Tuesday, November 6, 2007

Giuliani's NY legacy coming under scrutiny

By Dan Janison
dan.janison@newsday.com
November 2, 2007


Christopher Lynn has joined the cadre of former Giuliani administration officials who support their old boss for president with cash contributions and fundraising. Over the years, he seems to have kept his flair for hair-trigger verbal combat of a raw sort.

Lynn is a lawyer like many of the other alumni. Not only is he a longtime gay-rights advocate, and a Democrat who endorsed Fernando Ferrer against then Republican Michael Bloomberg for mayor in 2005, but Lynn's actions fueled some of the zestier tabloid stories that marked Giuliani's first term - first as taxi czar and later in the bigger job as transportation commissioner in which he commanded a $250 million-plus budget.

When contacted, the irrepressible Lynn talked up Giuliani as a problem-solver - and within a minute was on the record condemning former officials whose loyalties to Giuliani have expired, and vice versa.

"I was saddened and shocked," said Lynn, "to see that Fran Reiter, the former deputy mayor, endorsed Hillary Clinton. It's treachery! I'm a Democrat, but when someone allows you to be deputy mayor of this city, the least you can do, if not support him for president, is shut up."

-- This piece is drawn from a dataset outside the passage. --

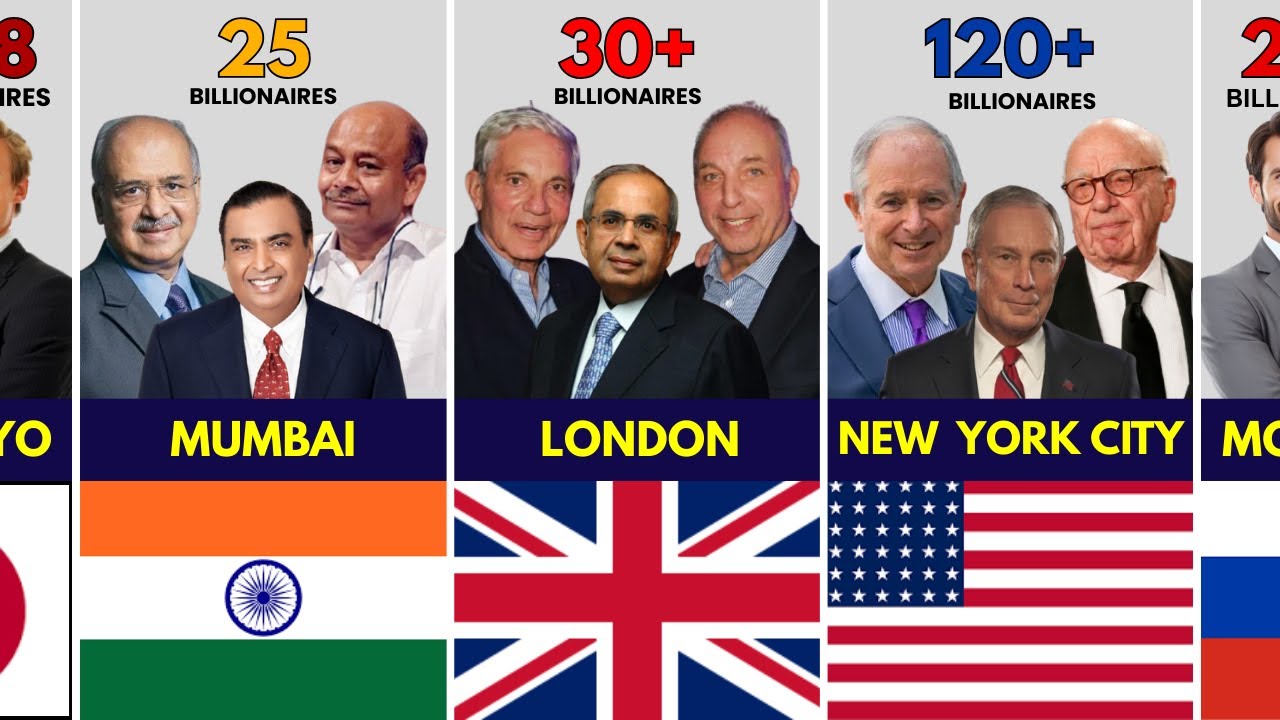 Самые богатые города по количеству миллиардеров в 2025 году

In turn, he echoed criticisms from the Giuliani camp of Jerry Hauer, the highly acclaimed former emergency-management director. Hauer has been openly disputing Giuliani's account of the widely known fiasco surrounding City Hall's siting of a command center that was destroyed on 9/11.

Reiter, a longtime Liberal Party activist who oversaw development issues and managed Giuliani's 1997 re-election campaign, said nothing personal is involved in her support for Clinton, announced six weeks ago.

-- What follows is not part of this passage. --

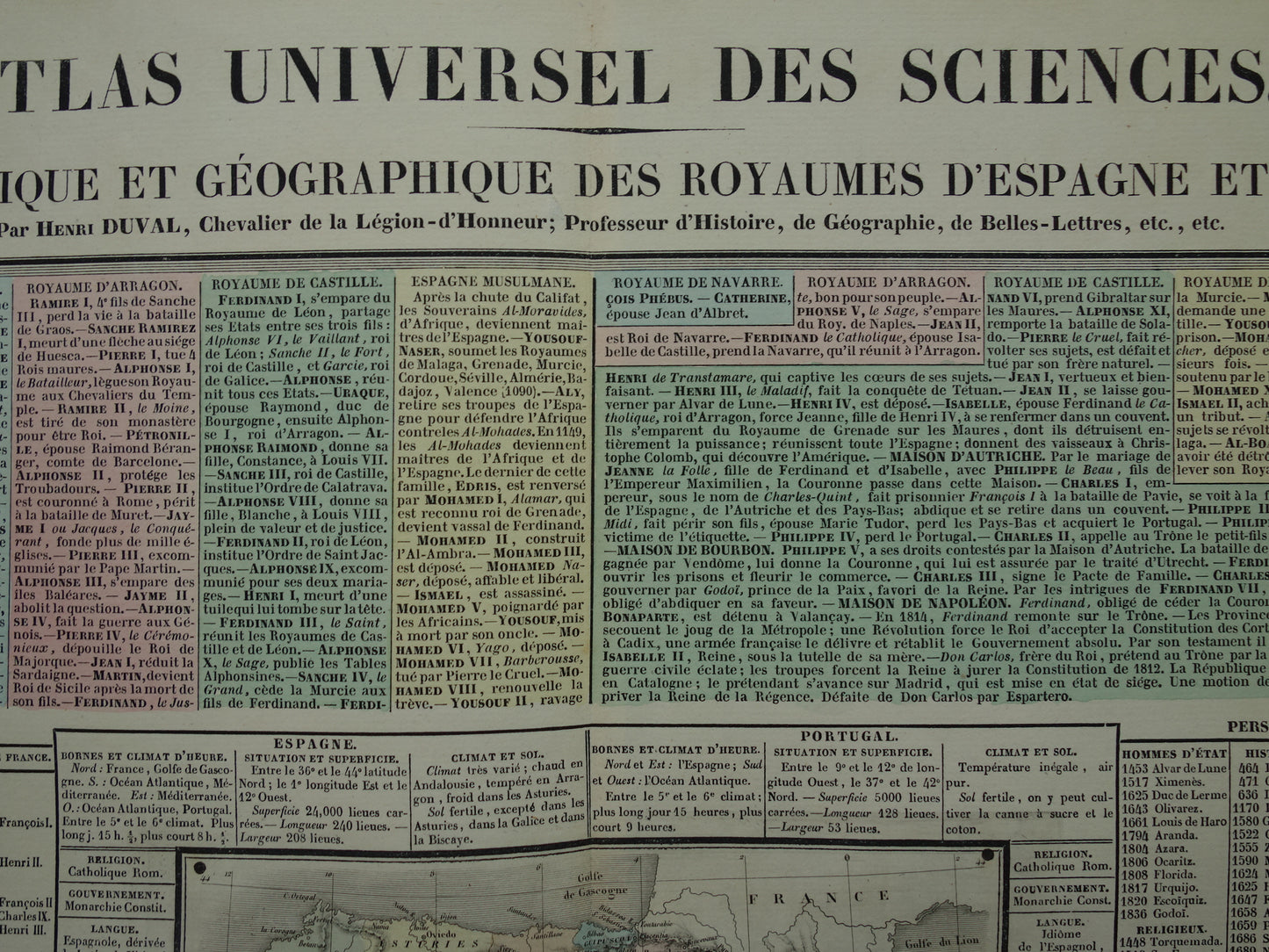 geschiedenis van spanje liefhebber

As for Lynn's rebuke, Reiter laughed. "Who cares?" she said. "I can't imagine anybody more irrelevant than Chris Lynn. Given my record as a public servant, compared to his, being criticized by Chris Lynn could also be viewed as a compliment. He should mind his own business, and he doesn't know what he's talking about."

The potholes on Lynn's record for Giuliani included a botched traffic plan for the Queensborough Bridge, a bizarre public confrontation with a parking lot owner near Yankee Stadium, and his irregular disciplinary action against a cabdriver about whom Lynn's live-in partner complained. When transferred from his post as transportation commissioner at the end of 1997, Lynn didn't stick around for a transition.
Before you dismiss all this as water under an FDR overpass, recall the recent televised debate in which GOP contender Mitt Romney tangled with the former mayor over which of them transformed their blue-state realms using red-state policies.

In fact, a maverick City Hall journalist recently shared an interesting e-mail from a Romney operative. Rafael Martínez-Alequín, a self-styled Giuliani nemesis who once published a paper out of the Bronx on an irregular schedule, these days maintains a Web site, www.yourfreepress.blogspot.- com, with videos of various Giuliani news conferences, including some of the Republican-Liberal mayor's pre-revisionist positions on gun control and immigration.

"I was wondering," wrote the Romney supporter in the e-mail, "if you could tell me a little more about your archive, what type of content you have, what format it is in, how extensive it is, etc. ... "

Meanwhile, Lynn - speaking for himself - has other things to say about fundamentalist Christians in the GOP fold who object to Giuliani. "I don't know what they want, frankly. If we ever had a mayor who believed the 10 commandments were not advisory opinions, it was Rudy Giuliani ... I don't understand. He'll be hands-on. He'll protect this country. He'll be an incredible president."

The Giuliani camp might not be making Lynn its liaison to the Christian Coalition of America. But as Romney's camp shows, the true legacy of the New York years is now under some scrutiny from coast to coast - warts, feuds, fiery rhetoric and all.